Shares of Twenty-First Century Fox (NASDAQ:FOXA) surged last year as the entertainment giant took steps to complete the sale of its entertainment division to Walt Disney (NYSE:DIS) and sold off its stake in Sky to Comcast (NASDAQ:CMCSA). According to data from S&P Global Market Intelligence, the stock finished 2018 up 39%.
As the chart below shows, the stock traded sideways through much of the year, with most of its gains coming in June following a bidding war between Disney and Comcast.
Twenty-First Century Fox came into the year having reached a merger agreement with Disney in December 2017 to sell much of its entertainment programming assets, including its movie studios Twentieth Century Fox, Fox Searchlight, and Fox 2000; television production studios; the networks FX, Fox Sports Regional, FXX; and stakes in National Geographic and several international networks. The deal leaves Fox as primarily a news and sports business.
Given the size of the agreement -- $52 billion in Disney stock at the time of the offer -- and its transformative nature, news around the deal primarily drove Fox shares in 2018 as investors anticipated approval by shareholders and regulators.
After trading sideways through much of the first half of the year, Fox shares got a boost on May 23 when NBC-parent Comcast said it was considering making a "superior" offer for the assets Fox planned to sell to Disney. Fox stock then surged 7.4% on June 13 when it received an unsolicited all-cash bid for the same set of assets at $35 per Fox share, or $65 billion, significantly better than Disney's offer.
Disney responded on June 20 with an offer for $38 a share, or $71 billion, sending Fox stock up another 7.5% to $47.89. At the start of the year, Fox had traded at $34.77, showing why it surged on the competing offers.
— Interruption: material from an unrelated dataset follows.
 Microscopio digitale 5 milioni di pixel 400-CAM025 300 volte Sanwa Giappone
On July 19, Comcast said it would not raise its bid, paving the way for Disney to complete the acquisition, which was approved by shareholders of both companies on July 27.
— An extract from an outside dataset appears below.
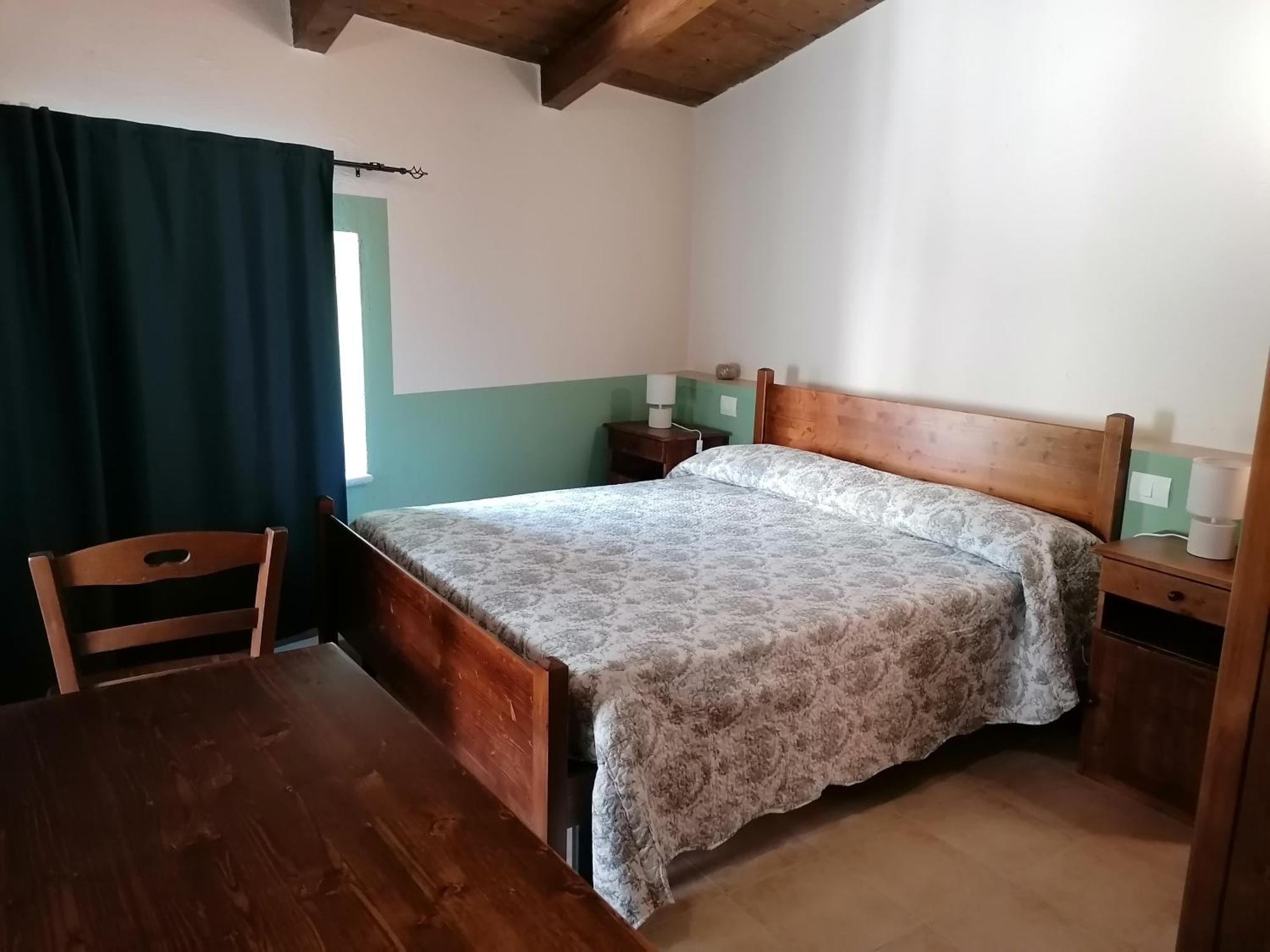 Santa Domenica Talao La Rocca Dei Borboni B&B 객실 사진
In Fox's other bidding war of the year, it lost out to Comcast in a fight over the portion of the British broadcaster Sky that it didn't already own. Fox stock fell in July as Comcast topped its bid. In the end, Fox sold its 39% stake in Sky for about $15 billion at the end of September, which gave Fox shares a modest lift.
Two weeks into the new year, the deal between Disney and Fox still has not closed, though it appears to be nearing completion, as the two companies have gained approval from most of the necessary regulatory agencies around the world. Disney is in the process of soliciting bids for Fox's regional sports networks, as regulators demanded that it divest them.
Fox will be a very different company after the deal is completed, though it will face less competition, removing it from concerns about the arms race in streaming and the decline of traditional cable programming. "New Fox" is expected to have annual revenue of $10 billion and $2.8 billion in EBITDA, which, considering its valuation of $19 billion with the Disney assets removed, looks like a good value.